Das seit Jahren akute Wohnungsproblem ist mithin politisch hausgemacht: Eigentumsbildung war zunächst das vielbeschworene Nachwendecredo der SPD-Baupolitiker. Und geradezu gebetsmühlenartig hatten der frühere Stadtentwicklungssenator Peter Strieder und seine Nachfolgerin Ingeborg Junge-Reyer (beide SPD) seit Ende der 90er Jahre das Märchen von angeblich 100.000 leerstehenden Wohnungen, einem ganz entspannten Wohnungsmarkt und niedrigen Mieten heruntergeleiert. Doch die absurde Leerstandszahl, die sich trotz Zuzugs über die Jahre merkwürdigerweise kaum veränderte, war ein Fake: Sie beruhte lediglich auf einer Angabe von Vattenfall über stillgelegte Stromzähler. Jeder konnte dagegen schon Mitte der 2000er Jahre wissen, dass insbesondere bezahlbare Mietwohnungen in der Innenstadt knapp wurden. Doch erst zahlreiche Proteste aus der Bevölkerung gegen die zunehmende Wohnungsnot schreckte die Landespolitik vor der letzten Wahl auf – da war die Leerstandsquote aber schon längst unter die übliche Fluktuationsrate von 3 Prozent gesunken.
Da der Mietmarkt aufgrund der großen Nachfrage und des mangelnden Angebots inzwischen ein Vermietermarkt ist, steigen die Berliner Mieten unaufhörlich: Allein im letzten Jahr stiegen die Durchschnittsmieten um 2,3 Prozent – das ist führend im Bundesmaßstab.
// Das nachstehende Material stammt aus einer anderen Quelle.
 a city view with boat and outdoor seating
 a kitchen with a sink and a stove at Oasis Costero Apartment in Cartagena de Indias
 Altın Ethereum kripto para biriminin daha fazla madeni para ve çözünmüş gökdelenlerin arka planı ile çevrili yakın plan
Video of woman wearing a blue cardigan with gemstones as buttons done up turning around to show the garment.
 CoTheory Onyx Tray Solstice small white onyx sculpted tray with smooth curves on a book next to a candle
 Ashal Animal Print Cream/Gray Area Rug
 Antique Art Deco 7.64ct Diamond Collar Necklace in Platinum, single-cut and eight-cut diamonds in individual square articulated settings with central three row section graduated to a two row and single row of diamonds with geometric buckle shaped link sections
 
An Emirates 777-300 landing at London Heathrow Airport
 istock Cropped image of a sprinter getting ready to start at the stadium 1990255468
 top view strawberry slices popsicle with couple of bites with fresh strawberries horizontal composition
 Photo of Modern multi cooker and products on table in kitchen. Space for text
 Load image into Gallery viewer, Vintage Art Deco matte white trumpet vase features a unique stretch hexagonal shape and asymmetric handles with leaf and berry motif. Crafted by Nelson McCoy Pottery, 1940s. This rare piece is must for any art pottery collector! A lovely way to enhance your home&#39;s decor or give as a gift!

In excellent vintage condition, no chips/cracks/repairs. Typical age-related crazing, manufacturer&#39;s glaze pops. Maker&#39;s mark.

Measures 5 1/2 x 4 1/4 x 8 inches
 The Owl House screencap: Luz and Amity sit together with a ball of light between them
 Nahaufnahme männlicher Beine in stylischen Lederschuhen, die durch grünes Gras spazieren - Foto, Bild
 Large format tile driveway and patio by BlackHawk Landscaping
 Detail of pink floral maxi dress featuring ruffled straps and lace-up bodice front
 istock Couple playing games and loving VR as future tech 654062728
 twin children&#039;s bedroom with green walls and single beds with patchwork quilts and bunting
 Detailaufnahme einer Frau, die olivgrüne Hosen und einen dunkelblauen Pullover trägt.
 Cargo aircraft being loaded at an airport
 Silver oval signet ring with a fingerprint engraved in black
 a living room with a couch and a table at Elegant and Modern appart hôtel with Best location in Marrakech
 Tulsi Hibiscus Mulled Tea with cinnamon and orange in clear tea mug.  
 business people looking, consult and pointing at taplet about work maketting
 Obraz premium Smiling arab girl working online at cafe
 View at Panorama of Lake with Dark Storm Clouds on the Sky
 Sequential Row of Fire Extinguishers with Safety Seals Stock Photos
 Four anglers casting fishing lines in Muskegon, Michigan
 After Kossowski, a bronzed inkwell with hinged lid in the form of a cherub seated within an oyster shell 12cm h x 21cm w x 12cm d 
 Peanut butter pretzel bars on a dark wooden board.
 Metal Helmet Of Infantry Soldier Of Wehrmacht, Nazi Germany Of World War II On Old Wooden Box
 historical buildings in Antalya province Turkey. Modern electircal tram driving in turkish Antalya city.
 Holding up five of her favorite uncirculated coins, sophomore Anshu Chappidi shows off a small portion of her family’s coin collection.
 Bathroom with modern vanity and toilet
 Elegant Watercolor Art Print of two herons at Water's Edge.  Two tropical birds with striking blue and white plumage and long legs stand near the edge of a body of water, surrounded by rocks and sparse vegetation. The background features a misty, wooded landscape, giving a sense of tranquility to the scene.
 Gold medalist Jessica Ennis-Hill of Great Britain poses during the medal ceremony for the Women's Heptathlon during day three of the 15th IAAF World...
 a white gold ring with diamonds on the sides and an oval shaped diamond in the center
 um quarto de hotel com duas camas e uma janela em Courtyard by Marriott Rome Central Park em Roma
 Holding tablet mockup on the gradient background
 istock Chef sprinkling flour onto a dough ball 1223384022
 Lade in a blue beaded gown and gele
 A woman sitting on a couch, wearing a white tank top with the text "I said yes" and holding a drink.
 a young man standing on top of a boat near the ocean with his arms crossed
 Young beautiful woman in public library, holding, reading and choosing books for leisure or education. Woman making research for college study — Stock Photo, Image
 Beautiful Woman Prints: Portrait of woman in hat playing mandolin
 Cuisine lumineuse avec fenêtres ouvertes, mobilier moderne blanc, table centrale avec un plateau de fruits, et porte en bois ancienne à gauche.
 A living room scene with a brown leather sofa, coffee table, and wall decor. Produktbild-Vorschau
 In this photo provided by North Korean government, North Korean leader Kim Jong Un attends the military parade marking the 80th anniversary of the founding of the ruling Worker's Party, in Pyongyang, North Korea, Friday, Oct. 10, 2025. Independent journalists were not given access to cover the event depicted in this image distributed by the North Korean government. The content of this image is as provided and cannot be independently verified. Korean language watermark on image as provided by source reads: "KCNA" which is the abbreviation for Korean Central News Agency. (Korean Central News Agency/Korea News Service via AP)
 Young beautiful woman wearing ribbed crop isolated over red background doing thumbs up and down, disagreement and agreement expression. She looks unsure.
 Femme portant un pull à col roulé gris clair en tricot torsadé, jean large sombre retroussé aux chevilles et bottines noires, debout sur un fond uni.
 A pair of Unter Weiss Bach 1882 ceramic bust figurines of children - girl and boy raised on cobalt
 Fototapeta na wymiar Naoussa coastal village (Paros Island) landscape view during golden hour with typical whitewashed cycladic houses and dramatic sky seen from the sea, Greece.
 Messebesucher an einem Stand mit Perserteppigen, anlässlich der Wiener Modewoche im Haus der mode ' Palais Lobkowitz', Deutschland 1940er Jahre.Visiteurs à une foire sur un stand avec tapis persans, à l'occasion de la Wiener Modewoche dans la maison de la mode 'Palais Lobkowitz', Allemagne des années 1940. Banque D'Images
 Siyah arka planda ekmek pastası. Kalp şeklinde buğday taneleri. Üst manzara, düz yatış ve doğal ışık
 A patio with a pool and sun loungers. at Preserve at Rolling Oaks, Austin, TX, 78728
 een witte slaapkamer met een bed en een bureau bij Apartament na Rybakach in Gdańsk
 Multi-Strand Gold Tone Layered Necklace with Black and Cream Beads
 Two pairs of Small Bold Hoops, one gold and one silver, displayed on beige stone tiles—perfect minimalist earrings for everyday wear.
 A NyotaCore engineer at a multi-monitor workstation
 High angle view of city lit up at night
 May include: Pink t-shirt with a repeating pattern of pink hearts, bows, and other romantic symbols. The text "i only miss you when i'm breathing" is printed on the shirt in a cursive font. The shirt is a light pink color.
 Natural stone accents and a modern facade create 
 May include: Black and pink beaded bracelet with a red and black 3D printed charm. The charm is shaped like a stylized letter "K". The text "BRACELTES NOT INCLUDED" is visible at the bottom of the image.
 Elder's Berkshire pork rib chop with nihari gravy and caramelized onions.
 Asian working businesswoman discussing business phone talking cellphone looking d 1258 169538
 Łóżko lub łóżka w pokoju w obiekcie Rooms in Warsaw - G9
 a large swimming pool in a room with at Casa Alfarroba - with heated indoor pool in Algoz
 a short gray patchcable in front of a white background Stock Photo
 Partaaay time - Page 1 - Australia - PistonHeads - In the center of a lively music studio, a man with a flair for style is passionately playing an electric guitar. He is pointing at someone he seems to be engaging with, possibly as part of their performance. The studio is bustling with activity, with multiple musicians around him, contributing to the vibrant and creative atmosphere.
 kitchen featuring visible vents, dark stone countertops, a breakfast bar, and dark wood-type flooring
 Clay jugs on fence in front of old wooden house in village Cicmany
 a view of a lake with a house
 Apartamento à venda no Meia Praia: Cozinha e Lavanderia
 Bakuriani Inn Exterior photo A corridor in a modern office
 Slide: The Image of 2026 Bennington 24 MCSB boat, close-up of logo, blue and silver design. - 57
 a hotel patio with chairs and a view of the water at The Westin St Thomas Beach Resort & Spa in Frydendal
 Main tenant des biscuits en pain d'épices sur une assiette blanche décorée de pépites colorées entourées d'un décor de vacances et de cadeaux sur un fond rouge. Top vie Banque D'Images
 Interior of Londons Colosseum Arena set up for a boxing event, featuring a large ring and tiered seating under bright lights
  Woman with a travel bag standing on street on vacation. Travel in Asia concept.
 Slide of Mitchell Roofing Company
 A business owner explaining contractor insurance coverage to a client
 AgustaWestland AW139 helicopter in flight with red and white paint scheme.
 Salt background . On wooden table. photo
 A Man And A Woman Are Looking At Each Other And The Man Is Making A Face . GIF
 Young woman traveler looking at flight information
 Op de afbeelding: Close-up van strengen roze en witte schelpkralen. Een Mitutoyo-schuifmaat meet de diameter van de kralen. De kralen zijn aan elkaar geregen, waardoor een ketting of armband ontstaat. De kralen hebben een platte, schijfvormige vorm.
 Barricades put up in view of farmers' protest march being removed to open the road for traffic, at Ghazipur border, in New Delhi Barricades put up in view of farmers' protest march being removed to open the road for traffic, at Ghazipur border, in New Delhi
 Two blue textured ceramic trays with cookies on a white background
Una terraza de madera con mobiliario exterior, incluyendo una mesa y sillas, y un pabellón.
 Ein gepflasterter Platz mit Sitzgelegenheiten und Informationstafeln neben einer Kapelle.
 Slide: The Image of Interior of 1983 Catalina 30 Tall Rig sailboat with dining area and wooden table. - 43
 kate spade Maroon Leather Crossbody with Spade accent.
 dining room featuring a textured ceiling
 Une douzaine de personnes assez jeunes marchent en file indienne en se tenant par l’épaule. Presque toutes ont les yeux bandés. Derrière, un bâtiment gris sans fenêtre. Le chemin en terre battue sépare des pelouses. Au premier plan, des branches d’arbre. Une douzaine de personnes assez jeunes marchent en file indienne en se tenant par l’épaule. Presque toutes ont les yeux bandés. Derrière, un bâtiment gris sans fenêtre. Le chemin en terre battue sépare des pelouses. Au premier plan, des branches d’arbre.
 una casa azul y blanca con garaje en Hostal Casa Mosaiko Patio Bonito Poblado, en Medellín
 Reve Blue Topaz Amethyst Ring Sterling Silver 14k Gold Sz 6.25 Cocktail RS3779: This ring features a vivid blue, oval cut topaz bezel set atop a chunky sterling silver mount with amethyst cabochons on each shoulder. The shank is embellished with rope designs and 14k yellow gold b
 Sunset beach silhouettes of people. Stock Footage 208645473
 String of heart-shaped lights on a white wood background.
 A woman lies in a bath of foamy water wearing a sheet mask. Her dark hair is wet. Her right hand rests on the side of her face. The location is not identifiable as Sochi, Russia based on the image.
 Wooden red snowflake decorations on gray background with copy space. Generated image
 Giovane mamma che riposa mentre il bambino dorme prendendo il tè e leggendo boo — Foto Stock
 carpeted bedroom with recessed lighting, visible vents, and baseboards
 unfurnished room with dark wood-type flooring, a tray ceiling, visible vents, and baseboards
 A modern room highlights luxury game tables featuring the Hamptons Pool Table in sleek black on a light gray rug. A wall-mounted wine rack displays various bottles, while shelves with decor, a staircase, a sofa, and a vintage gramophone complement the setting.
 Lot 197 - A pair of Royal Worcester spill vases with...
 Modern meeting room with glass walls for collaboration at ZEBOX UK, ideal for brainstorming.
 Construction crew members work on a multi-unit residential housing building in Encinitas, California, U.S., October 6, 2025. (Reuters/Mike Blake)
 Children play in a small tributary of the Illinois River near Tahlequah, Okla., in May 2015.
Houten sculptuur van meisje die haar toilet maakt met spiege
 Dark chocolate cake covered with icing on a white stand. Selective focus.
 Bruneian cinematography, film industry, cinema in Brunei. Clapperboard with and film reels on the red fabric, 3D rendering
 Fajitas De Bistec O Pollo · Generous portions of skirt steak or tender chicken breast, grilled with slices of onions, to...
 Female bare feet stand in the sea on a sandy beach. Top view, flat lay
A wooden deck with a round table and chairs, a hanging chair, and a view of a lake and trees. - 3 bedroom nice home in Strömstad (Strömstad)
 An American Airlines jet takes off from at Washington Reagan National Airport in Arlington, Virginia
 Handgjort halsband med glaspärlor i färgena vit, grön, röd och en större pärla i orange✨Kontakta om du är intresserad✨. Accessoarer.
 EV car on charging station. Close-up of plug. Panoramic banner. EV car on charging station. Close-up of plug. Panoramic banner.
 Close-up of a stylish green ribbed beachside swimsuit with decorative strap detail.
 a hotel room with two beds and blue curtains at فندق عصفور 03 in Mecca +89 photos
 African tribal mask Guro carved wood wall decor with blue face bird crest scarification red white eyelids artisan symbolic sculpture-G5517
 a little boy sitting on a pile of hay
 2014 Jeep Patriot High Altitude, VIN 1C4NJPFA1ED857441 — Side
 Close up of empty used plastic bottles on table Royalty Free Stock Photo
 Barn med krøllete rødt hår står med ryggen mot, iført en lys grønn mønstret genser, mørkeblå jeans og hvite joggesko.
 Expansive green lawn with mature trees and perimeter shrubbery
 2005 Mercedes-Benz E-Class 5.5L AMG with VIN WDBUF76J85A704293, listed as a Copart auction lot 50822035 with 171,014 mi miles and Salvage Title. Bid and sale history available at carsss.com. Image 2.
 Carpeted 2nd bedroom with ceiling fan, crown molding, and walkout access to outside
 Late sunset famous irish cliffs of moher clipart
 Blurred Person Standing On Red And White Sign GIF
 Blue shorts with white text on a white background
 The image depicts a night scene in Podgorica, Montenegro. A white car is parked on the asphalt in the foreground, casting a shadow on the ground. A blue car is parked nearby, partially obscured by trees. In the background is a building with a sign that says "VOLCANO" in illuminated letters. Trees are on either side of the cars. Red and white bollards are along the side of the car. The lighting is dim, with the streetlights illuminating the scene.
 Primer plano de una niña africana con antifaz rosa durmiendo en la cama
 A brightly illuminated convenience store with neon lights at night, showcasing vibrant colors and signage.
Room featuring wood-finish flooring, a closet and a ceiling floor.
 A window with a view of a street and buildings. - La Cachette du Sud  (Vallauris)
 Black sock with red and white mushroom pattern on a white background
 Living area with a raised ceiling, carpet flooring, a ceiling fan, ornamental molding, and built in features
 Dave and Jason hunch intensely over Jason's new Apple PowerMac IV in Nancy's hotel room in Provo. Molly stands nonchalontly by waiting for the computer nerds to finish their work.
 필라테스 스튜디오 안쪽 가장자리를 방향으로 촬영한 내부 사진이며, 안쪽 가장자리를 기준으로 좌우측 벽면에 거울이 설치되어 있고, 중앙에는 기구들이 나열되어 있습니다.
Die Wohnungsmieten steigen vor allem deshalb, weil aufgrund der Wohnungsnot Vermieter bei Neuvermietungen astronomische Preise fordern können und Wohnungssuchende zahlen, was der Geldbeutel hergibt. In WGs zahlt man inzwischen sogar circa 400 Euro – pro Zimmer.
Erst jetzt hat es die Berliner SPD-CDU-Koalition geschafft, nach jahrelangen Querelen wegen der Ferienwohnungen ein neues Zweckentfremdungsverbot als Gesetz zu erlassen – wie das umgesetzt und kontrolliert werden soll, ist allerdings noch unklar. Eine ergänzende Umwandlungsverordnung (das Verbot von Miet- zu Eigentumswohnungen) wird bislang noch von der CDU blockiert. So entsteht in der Hauptstadt eine neue, sozial wie stadträumlich überaus verheerende Spaltung. Hier massenhaft übereinandergestapelte Karnickelställe, die jetzt vielleicht als Ferien- oder Zeitbehausungen genutzt werden, dort üppige Eigentums-Penthouses mit zu viel Fläche für zu wenig Bewohner. Die weitere soziale Spaltung der Stadt ist damit vorprogrammiert.
Für die 17-Quadratmeter-Wohnung am Engeldamm 28 gäbe es allerdings eine ideale Mieterin: Verteidigungsministerin Ursula von der Leyen. Erst jüngst waren ja einige Bundesminister in die öffentliche Kritik geraten, weil sie sich kostenlose Wohnsitze in ihren Berliner Dienstsitzen einrichten ließen. Für die Verteidigungsministerin, die – eigenen Äußerungen und Medienberichten zufolge – in ihrer Arbeitszeit sehr spartanisch und diszipliniert lebt, wäre die Wohnung ideal: 17 Quadratmeter für Spind, Feldbett und Teeküche, das Ganze für nur 450 Euro monatlich. Die sollten für Bundesminister zu verkraften sein. Und sehr schlank ist von der Leyen auch – da hat dann sogar noch ein Laptop Platz.